Exactly reproduce the lines from the line containing "12527 CHASBARB TER, HERNDON, Virginia" to the end of the data below, inclusive, and nothing else.

-=-=-=-=-

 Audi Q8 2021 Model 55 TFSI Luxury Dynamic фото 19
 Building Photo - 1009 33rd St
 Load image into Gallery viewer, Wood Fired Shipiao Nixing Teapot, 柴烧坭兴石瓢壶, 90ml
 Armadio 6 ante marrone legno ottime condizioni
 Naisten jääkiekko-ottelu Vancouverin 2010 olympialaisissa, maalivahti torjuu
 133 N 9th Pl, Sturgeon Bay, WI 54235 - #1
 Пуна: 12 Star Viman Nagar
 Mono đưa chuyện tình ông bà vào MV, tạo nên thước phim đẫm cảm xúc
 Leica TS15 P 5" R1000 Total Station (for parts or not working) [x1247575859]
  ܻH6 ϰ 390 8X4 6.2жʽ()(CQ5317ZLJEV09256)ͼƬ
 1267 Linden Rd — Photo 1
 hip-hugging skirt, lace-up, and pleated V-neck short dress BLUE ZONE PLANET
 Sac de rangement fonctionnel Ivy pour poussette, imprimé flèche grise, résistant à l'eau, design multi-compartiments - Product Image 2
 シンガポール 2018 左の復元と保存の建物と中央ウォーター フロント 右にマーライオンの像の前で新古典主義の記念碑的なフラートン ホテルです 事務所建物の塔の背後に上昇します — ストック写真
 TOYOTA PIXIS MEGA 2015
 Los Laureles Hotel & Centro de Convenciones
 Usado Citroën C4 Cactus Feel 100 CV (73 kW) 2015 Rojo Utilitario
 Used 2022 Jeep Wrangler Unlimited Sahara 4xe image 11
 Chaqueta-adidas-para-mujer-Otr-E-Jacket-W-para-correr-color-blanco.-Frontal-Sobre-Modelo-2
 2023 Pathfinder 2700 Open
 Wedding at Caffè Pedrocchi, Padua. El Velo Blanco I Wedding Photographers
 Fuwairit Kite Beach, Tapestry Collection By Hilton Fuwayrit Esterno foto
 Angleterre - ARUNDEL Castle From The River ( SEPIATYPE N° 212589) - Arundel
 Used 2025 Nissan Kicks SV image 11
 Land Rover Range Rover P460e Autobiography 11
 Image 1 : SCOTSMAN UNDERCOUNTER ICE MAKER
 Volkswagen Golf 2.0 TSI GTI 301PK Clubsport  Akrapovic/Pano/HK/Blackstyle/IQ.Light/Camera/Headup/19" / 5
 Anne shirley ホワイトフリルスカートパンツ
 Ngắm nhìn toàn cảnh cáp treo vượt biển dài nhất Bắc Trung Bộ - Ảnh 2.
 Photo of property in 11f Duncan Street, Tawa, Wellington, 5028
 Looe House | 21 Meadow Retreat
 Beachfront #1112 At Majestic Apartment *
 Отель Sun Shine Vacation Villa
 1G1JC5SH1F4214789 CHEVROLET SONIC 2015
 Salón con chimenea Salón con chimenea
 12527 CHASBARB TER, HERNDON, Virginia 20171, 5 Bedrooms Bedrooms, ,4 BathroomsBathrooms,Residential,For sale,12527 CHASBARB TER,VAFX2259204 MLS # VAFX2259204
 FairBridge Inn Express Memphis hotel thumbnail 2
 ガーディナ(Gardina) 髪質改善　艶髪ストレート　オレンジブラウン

-=-=-=-=-

• [EXPECTED OUTPUT]:
 12527 CHASBARB TER, HERNDON, Virginia 20171, 5 Bedrooms Bedrooms, ,4 BathroomsBathrooms,Residential,For sale,12527 CHASBARB TER,VAFX2259204 MLS # VAFX2259204
 FairBridge Inn Express Memphis hotel thumbnail 2
 ガーディナ(Gardina) 髪質改善　艶髪ストレート　オレンジブラウン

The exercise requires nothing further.